The graveyard itself is sub-rectangular in shape, measuring roughly twenty to thirty metres north to south and twenty metres east to west, as recorded on that 1923 map. The majority of graves follow the conventional east-west orientation, a Christian tradition aligning the body towards the rising sun. One nineteenth-century grave in the eastern portion of the site breaks with this, oriented instead on an ESE-WNW axis, a small but deliberate anomaly. Recumbent slabs, the flat grave markers laid horizontally over burial plots, are scattered across the site, though many have been overtaken by vegetation, and a number of the older slabs have subsided into the ground. In the north-east corner, a possible embankment approximately 4.4 metres wide and 0.9 metres high marks the point where the ground drops away sharply from south to north, suggesting an intentional boundary or a remnant of earlier landscape management.
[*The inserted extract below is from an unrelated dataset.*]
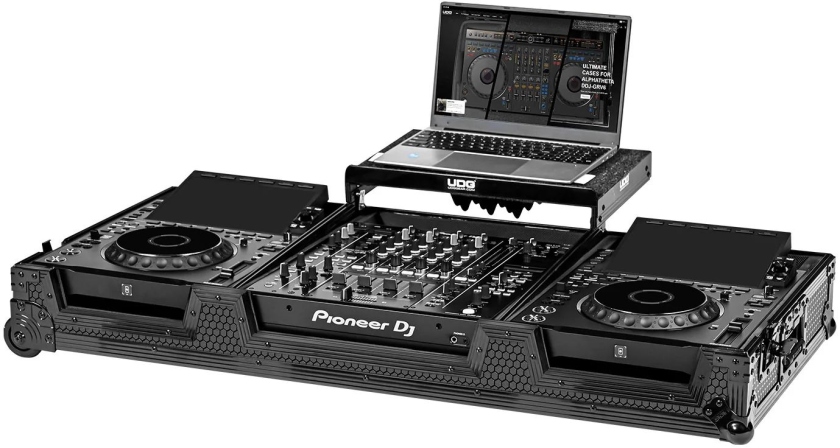UDG Ultimate Flight Case CDJ-3000X/DJM-A9 Plus - Laptop Shelf + Wheels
The graveyard sits immediately south and east of the crossroads roads and is not difficult to locate, positioned as it is on elevated ground with open views to the north, east, and south across the surrounding pasture. Because it remains an active burial site, some sections are better maintained than others, and the contrast between tended modern graves and older slabs disappearing beneath grass and moss is itself part of what the place communicates. Visitors with an interest in reading graveyards closely should look for those subsided slabs at the margins, where the ground has done the most work of reclamation, and note the embankment's edge in the north-east, which repays a closer look.